Na época em que escrevia isso, Zhang vivia sob o domínio manchu, responsável por uma dogmatização do confucionismo que o perverteu e o caquetizou, tornando a prática da história uma farsa de repetições inúteis, cujas analogias eram desprovidas de objetividade, bom senso e criticidade. O fim em si da história, nessa época, era a aprovação em exames oficiais do funcionalismo público, e seu conteúdo se fossilizou em versões acríticas, em que nem mesmo as inversões eram possíveis (ou desejadas, na verdade).
Luxun (1881 +1936), o escritor revolucionário da China Moderna, afirmava, com razão, que:
A autoridade dos mestres antigos foi excessiva, e me parece absurda e repugnante. Me parece, ainda, que o que mantém esta autoridade [a tradição] é absurdo, e não vejo inconveniente em rebelar-se contra isso.
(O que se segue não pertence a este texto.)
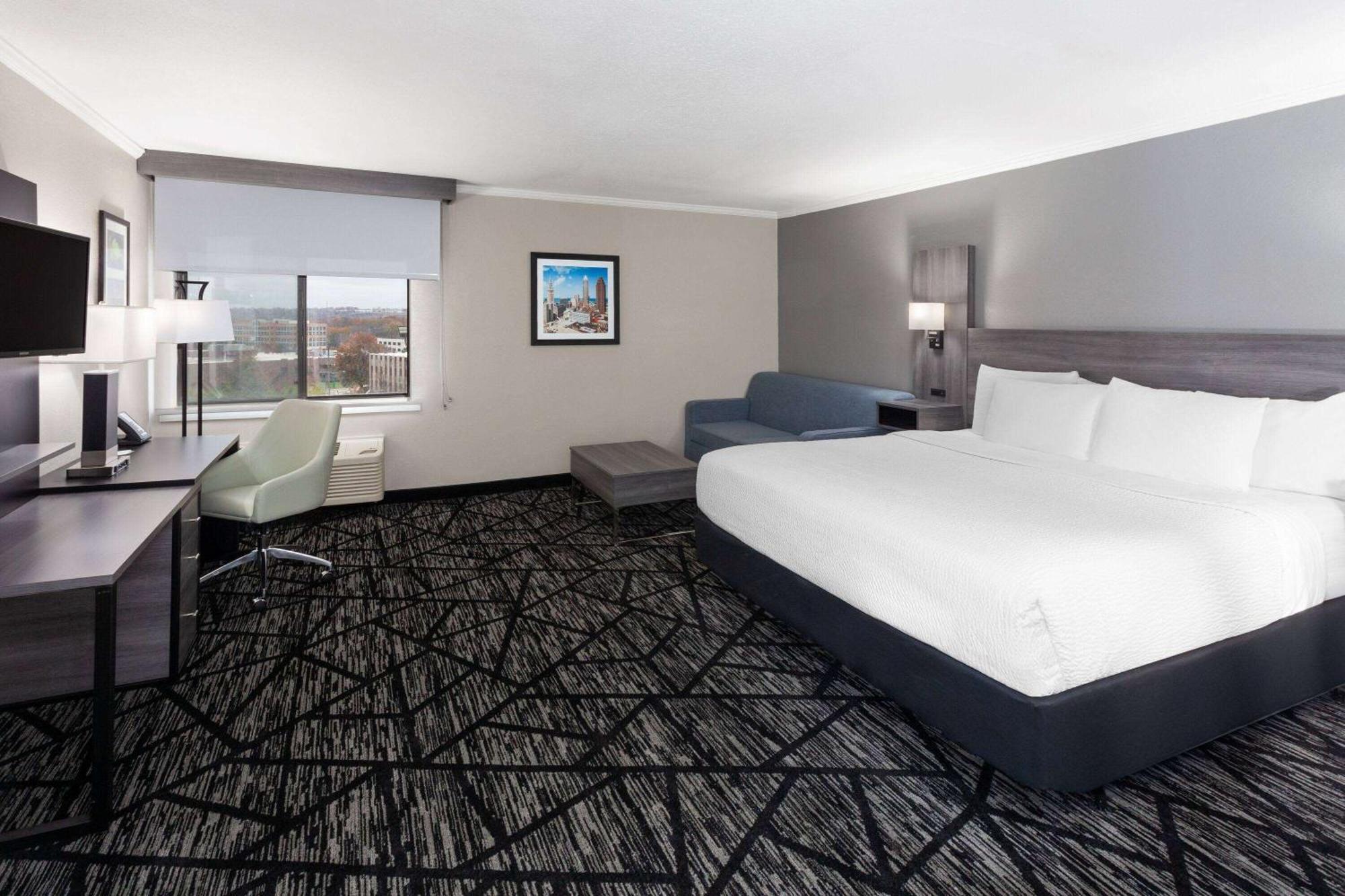 La Quinta Inn By Wyndham Cleveland Independence Exterior photo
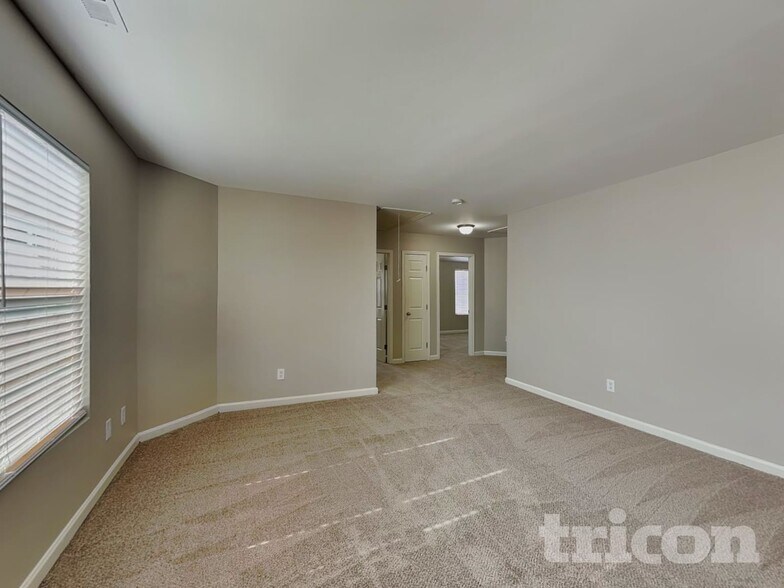 Building Photo - 1609 Extine Ln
Luxun simplesmente realiza aí uma inversão, indicando que a tradição - que se afirmava necessária para a manutenção do regime – era justamente a principal causa de falência do mesmo. Disso resulta que, inevitavelmente, a boa história é inventada, re-imaginada, e necessariamente crítica – e o mais incrível de tudo, isso seria...um cânone! Os piores momentos da história chinesa foram feitos, por conseguinte, por autores preocupados em dizer o que se queria ouvir (pois eram pagos pelo sistema), mas não o que se DEVIA dizer. Se pudermos nos remeter ao passado (por analogia), o hexagrama 47 do Tratado das Mutações (Opressão, Exaustão) deixa isso bem claro:
O grande homem promove a boa fortuna.
Nenhuma culpa.
Quando ele fala, não lhe dão crédito.
....
Não há água no lago:
a imagem da EXAUSTÃO.
Assim o homem superior arrisca sua vida para seguir sua vontade.
A construção da crítica sobe o passado – que embasa o presente, e o decifra em seus problemas – é um ato, portanto, de originalidade, capacidade e coragem. Para isso, pode-se utilizar a analogia com as experiências vividas, ou invertendo os paradigmas da acomodação, e percebendo as falhas do discurso. Quando alguém se abstém, propositalmente, de raciocinar criticamente a história e a cultura, estabelece aí a semente da degradação e do esgotamento. Esse é um grande perigo para a sociedade, cuja história é o alicerce de sua ideologia moral. Como afirmou Luxun, novamente:
Alguém que lê de forma acrítica prejudica, antes de tudo, a si mesmo. Mas quando ele abre a boca, espalha suas besteiras pelo ar, e prejudica todos ao redor. No entanto, ninguém pode estar bem se não lê.
E com esses aparentes paradoxos, a história chinesa nos dá os indícios de como opera uma interpretação do passado que, longe de estar escangalhada, se mostra ainda original, necessária, inventiva e estimulante – para quem puder entendê-la como tal.